**Supplied information:**
=== Begin Enclosure ===
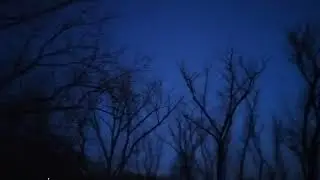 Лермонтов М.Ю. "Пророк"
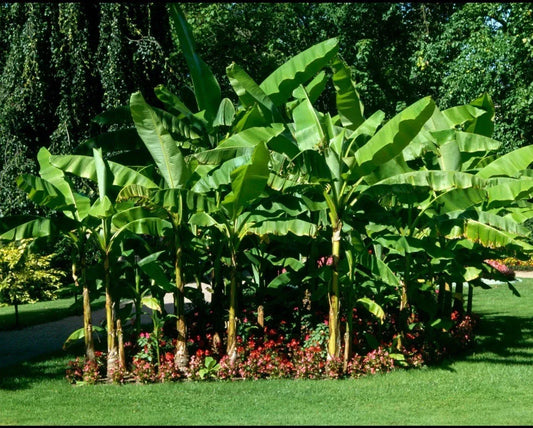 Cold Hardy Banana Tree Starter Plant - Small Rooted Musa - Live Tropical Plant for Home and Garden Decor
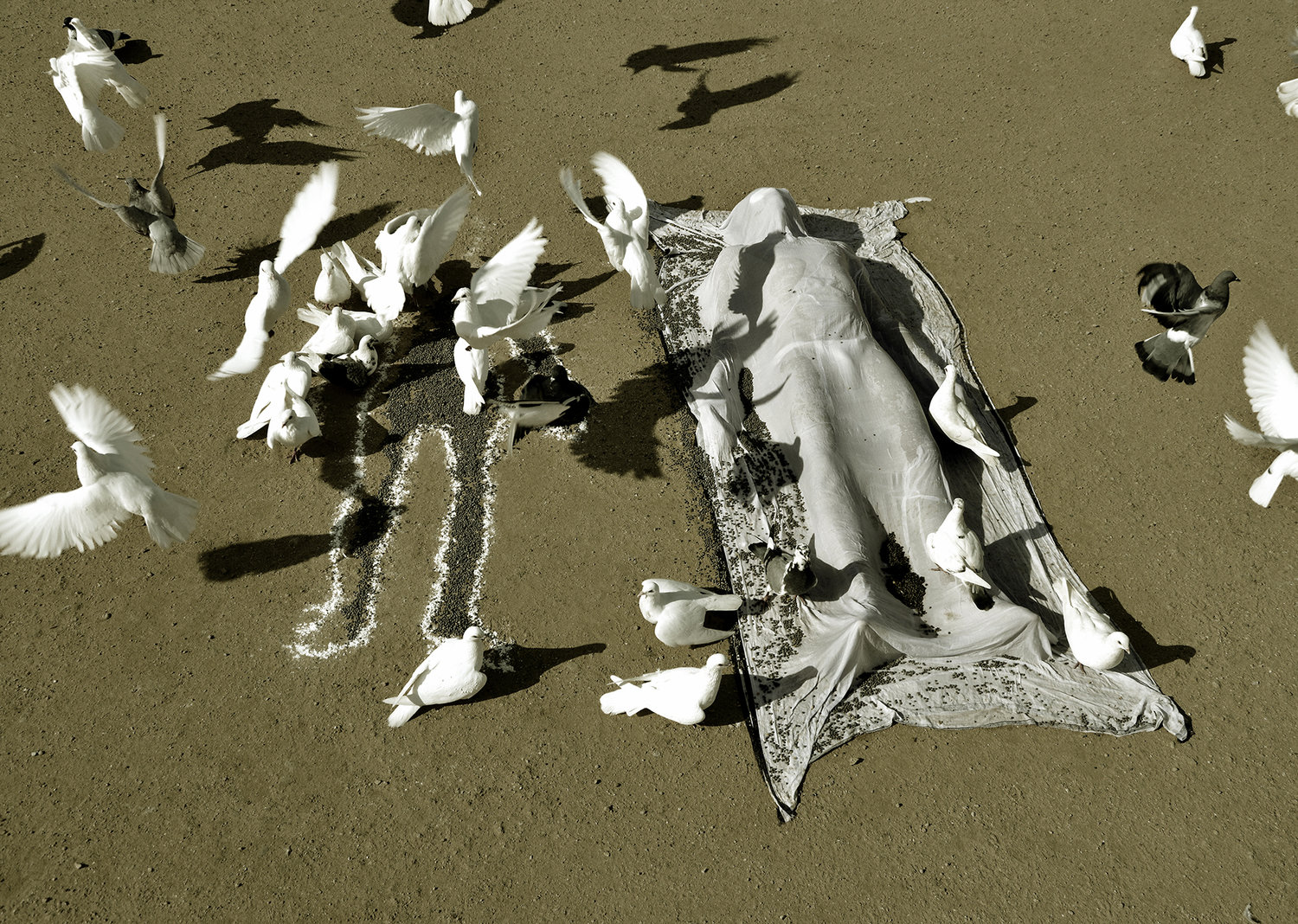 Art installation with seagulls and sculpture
=== End Enclosure ===
=== Begin Enclosure ===
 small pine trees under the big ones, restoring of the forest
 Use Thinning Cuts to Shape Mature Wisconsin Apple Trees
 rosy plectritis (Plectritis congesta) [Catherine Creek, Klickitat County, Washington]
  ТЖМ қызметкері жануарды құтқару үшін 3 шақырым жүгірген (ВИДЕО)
=== End Enclosure ===
**Work order:**
Look through the data above and return exactly the lines from the one that contains "Use Thinning Cuts" to the one that contains "ТЖМ қызметкері жануарды", inclusive, with nothing else.

**Output below:**
 Use Thinning Cuts to Shape Mature Wisconsin Apple Trees
 rosy plectritis (Plectritis congesta) [Catherine Creek, Klickitat County, Washington]
  ТЖМ қызметкері жануарды құтқару үшін 3 шақырым жүгірген (ВИДЕО)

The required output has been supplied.